At the time, Love had been quoted a price of $1,500 to make the video. The final price tag, however, turned out to be $35,000 and initial response to the video was lukewarm, at best. Love sent out 30 DVDs to potential distributors and was rejected by nearly all of them.

“I talked to a marketing expert who told me that I was crazy, that no one was going to buy it because I look like a Barbie doll and the Get Ripped! title was too intimidating,” she says.

Apparently, blonde fitness video stars are much less likely to strike it big compared to brunettes because they’re perceived as less serious, according to a New York Times story that quoted Jill Ross, director of product acquisition at Collage Video, a fitness video clearing house.

Despite the initial feedback, Love stuck with the video’s edgy name, and went with a cover that showed off her bullet-deflecting body and dyed-blonde hair. When the video came out in 2005, Love says it was ranked in the top 10 by Fitness magazine, which helped to spark an onslaught of sales.

“It was crazy. I remember waking up and turning on the computer one morning and there it was — ding, ding, ding,” she says, imitating the sound of a slot machine paying out. “It was like I had won the lottery.”

Within the first month, Love had recouped the entire $35,000 needed to make the initial video. Today, that video has spawned an entire series of seven workout videos, and another incarnation, Get Extremely Ripped! Rock Body, came out earlier this year.

Such success comes from sticking to a demographic Love, who turns 45 this June, knows well: boomer-aged women who prefer to work out at home, rather than in a gym filled with ogling eyes and tight-bodied 20-somethings who can burn calories simply by sneezing.

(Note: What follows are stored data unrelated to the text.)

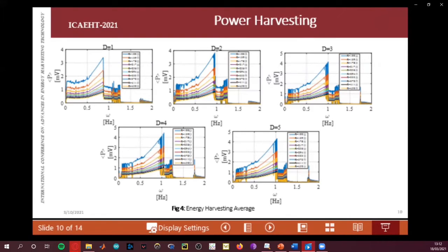This shows the behavior of the harvested power, varying the resistance load for values d1, d2, d3, d4, and d5, both dislocating at the natural frequencies approximately here — dislocated from 2 to 1, or approximately 1.2.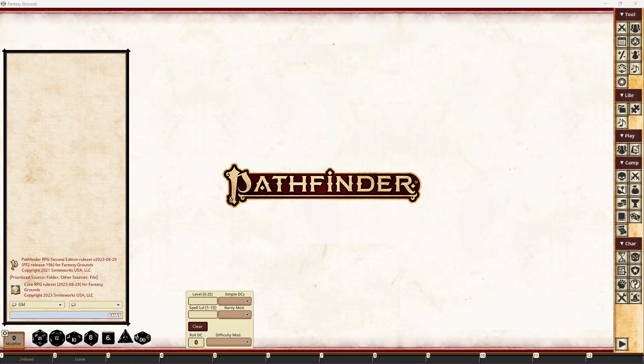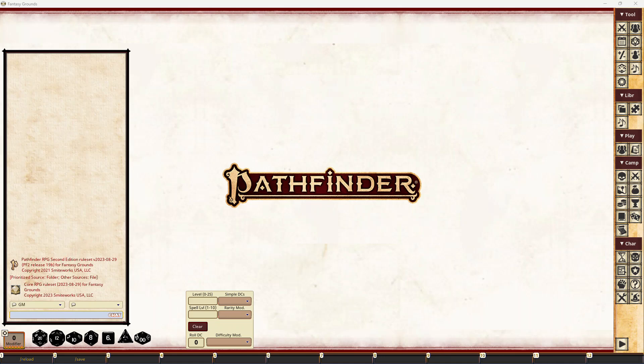Hi everybody. This is hopefully a quick video on the new release today — Release 19b — which has some new functionality primarily driven by feedback from the community. We've made a few changes and updates and a few bug fixes as well. The first thing to do after checking that you've done an update is just to see that you have PF2 Release 19b, which shows you got the latest update that came out today, September the 5th.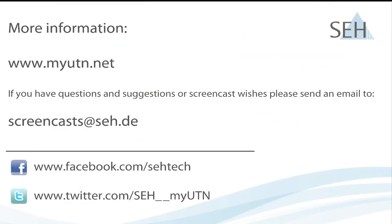You can find much more information on my UTN by visiting our website. You can also follow us on Twitter and Facebook to stay up to date on our latest features and offers. We look forward to seeing you!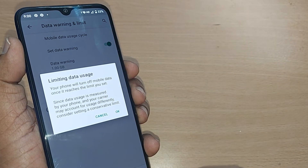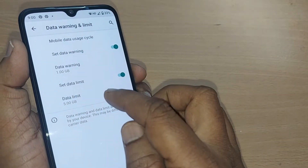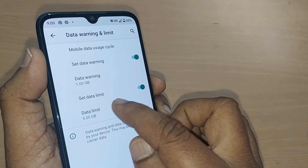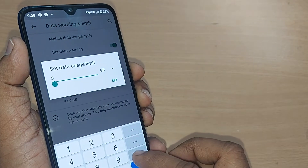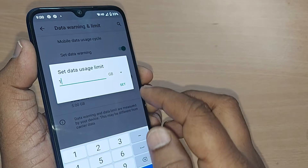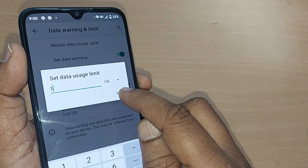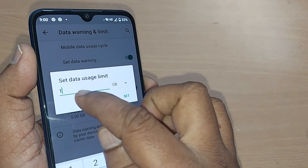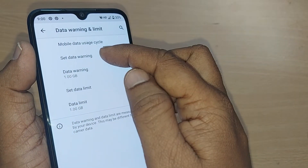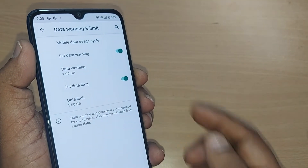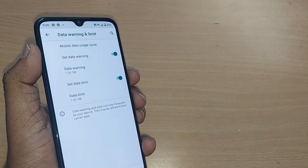For example, if you have only a 1GB limit for your internet, just go and set it to 1GB — that's all. Your data warning is set and your data limit is set; both things will be working fine from now onwards.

Catering to this demographic, Love has made sure all the videos use women who’ve gotten results in her class.

“The distribution company wanted me to use 20-year-olds, but I said, ‘No way, that’s not who goes to my classes,’” she says.

That move has been dubbed the “Fonda Factor” by The New York Times, which once mentioned Love in a story about exercise videos put out by older, buff women that target female boomers — Fonda Factor, of course, references actress Jane Fonda who became a fitness guru in her mid-40s. The fearless leaders of this trend, the story noted, “are less pretty young thing and more yummy mummy.”

According to Perliss, who now owns the Los Angeles-based consulting firm MHP & Associates, it’s easy to see why the videos have been a hit. “It’s that whole MILF thing,” he says. “There is no question that there was an opportunity to target woman who had their two or three kids and were now trying to get back into the same shape they had been in when they were younger.”

Keeping with that strategy, Love plans to put out four more fitness videos for the same audience. Eventually, however, she’d like to move into reality TV and do a show with her husband, Ray Love, about running Fitness Plus, a two-gym location in Calgary the couple co-owns.

“My husband and I have got interesting chemistry, we’re both Type A personalities, but have two different ways of running things,” she says. “It would also make for good TV because of the variety of people on staff, as well as those who come in to work out.

“I just think it would be really neat.”